QiCapture
Overview
QiCapture is the data intake and ingestion pipeline of QiOS. It handles messy life data (exports, receipts, documents) and turns it into clean, structured, and searchable materials.Responsibilities
- Clean and parse raw intake.
- Index and extract metadata from documents (via OCR or scripts).
- Chunk and embed clean text for semantic search.
- Form entity relationships and graphs from text.
- Synchronize indices and manage backups.
Flows
Folder Structure & Table of Contents
Intake Pipeline Stages
- 10 Ingestion: Raw intake from various sources (Paperless, drive imports, manual uploads, email exports, web clips).

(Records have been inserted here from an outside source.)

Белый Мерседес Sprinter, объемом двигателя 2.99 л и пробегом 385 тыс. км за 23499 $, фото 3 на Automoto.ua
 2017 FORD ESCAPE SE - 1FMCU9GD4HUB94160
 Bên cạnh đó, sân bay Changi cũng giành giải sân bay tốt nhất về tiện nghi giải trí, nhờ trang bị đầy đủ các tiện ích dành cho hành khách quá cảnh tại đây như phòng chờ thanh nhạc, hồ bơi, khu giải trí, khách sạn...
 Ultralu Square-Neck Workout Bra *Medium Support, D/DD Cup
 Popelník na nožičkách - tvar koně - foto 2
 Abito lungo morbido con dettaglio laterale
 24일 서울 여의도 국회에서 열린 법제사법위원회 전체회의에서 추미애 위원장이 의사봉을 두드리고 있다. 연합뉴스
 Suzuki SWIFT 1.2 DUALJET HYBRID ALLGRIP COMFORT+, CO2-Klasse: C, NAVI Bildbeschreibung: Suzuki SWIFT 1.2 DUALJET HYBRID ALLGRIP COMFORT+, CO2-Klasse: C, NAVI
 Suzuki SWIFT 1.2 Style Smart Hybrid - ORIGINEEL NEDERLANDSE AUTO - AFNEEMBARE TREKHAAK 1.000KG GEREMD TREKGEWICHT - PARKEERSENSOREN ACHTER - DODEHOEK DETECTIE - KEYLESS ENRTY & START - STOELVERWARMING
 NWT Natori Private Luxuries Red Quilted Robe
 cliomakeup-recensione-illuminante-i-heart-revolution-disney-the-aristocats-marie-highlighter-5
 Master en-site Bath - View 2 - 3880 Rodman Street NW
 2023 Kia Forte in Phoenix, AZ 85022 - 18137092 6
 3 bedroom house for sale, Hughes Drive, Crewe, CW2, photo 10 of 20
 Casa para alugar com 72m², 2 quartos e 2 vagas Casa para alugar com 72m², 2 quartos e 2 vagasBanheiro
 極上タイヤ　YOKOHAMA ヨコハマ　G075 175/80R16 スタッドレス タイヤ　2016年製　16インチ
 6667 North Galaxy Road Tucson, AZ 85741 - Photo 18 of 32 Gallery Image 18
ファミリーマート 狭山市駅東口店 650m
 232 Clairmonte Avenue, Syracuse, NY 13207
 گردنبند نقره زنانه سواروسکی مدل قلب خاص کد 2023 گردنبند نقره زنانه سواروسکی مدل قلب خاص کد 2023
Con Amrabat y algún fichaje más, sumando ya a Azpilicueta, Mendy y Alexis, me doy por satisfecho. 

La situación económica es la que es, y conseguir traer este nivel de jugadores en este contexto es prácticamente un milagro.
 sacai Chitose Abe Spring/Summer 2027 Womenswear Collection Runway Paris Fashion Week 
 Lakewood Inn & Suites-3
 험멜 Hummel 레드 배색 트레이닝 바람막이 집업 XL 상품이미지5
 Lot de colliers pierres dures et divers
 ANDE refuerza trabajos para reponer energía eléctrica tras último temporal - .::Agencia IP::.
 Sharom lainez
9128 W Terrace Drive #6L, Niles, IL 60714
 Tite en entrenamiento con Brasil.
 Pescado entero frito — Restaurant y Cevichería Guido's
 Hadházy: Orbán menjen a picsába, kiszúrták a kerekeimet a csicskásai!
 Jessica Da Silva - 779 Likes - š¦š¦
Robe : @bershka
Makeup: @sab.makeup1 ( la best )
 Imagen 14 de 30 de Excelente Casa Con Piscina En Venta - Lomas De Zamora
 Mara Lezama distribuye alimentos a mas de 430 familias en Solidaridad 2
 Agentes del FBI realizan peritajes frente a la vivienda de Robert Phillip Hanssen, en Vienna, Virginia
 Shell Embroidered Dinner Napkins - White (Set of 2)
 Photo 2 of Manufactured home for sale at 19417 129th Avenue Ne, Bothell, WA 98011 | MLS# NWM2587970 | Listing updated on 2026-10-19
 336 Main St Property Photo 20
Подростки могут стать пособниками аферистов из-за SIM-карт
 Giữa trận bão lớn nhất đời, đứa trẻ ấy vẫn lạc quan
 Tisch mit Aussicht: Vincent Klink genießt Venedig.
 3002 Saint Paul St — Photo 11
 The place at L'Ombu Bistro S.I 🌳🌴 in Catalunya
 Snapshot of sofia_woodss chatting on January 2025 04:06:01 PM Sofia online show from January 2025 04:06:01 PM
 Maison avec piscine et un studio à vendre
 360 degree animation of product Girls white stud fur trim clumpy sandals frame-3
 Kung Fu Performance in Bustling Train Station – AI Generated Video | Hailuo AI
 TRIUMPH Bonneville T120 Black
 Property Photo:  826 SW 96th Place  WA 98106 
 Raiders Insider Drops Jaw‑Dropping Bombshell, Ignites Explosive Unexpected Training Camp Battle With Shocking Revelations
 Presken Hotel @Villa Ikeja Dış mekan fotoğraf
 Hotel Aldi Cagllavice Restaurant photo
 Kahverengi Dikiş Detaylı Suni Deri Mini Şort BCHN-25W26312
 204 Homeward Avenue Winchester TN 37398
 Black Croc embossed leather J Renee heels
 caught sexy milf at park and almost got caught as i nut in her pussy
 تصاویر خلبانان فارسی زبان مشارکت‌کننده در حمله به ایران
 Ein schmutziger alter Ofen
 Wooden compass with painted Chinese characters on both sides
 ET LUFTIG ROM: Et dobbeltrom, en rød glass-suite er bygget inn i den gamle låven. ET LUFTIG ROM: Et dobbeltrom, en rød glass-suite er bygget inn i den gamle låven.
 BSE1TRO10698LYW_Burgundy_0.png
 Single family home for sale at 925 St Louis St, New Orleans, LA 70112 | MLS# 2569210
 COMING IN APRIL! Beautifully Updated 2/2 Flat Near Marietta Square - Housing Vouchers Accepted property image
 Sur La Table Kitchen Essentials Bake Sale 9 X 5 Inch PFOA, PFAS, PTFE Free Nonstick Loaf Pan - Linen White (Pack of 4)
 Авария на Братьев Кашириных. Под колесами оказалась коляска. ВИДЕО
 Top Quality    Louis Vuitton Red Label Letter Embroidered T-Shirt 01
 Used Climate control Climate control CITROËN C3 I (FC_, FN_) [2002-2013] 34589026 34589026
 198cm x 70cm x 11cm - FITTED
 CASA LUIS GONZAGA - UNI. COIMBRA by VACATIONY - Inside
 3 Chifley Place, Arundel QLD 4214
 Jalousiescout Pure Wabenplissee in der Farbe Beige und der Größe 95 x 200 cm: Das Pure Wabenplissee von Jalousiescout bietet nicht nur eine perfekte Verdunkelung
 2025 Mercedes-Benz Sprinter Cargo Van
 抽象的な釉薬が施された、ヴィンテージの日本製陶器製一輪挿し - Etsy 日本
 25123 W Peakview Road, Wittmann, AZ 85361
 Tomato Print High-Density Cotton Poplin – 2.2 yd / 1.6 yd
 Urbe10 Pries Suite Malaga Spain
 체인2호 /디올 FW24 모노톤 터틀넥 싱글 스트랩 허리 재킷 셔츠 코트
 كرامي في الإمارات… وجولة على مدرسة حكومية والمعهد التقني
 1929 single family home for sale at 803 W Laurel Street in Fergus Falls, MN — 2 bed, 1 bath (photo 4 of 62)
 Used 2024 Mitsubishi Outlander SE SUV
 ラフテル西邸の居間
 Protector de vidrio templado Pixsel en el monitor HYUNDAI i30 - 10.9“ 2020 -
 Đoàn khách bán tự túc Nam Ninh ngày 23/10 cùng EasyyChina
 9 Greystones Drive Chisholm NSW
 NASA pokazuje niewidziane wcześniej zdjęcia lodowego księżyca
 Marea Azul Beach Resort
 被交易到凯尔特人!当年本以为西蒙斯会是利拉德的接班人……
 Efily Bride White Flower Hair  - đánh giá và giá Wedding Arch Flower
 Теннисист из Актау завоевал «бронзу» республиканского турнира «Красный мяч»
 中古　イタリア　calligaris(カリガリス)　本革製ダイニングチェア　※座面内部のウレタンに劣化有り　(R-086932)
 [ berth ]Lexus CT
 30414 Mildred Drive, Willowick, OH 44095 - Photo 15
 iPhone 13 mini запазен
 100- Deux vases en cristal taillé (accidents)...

- 20 Extraction: OCR processing, text extraction, markdown exports, and transcripts.
- 30 Chunking: Processing clean text into chunks, manifest records, and source mapping.
- 40 Embeddings: Embedding models, Qdrant setup, collections, and vector quality tests.
- 50 Graphs: Entity extraction, relationship graphs, and entity maps.
- 60 Retrieval: Semantic search profiles, query logs, retrieval tests, and context packaging.
- 70 Memory: facts storage, session summaries, user preference maps.
- 80 Sync & Backups: Snapshot logs, restore points, and synchronization manifests.
Tools & System References
- NocoDB: Intake tracking database interface.
- Obsidian QiDocs: Vault indexing rules and guidelines for local notes.
- WikiJS: Ingest documentation library.
- Paperless-ngx: Document management setup and indexing rules.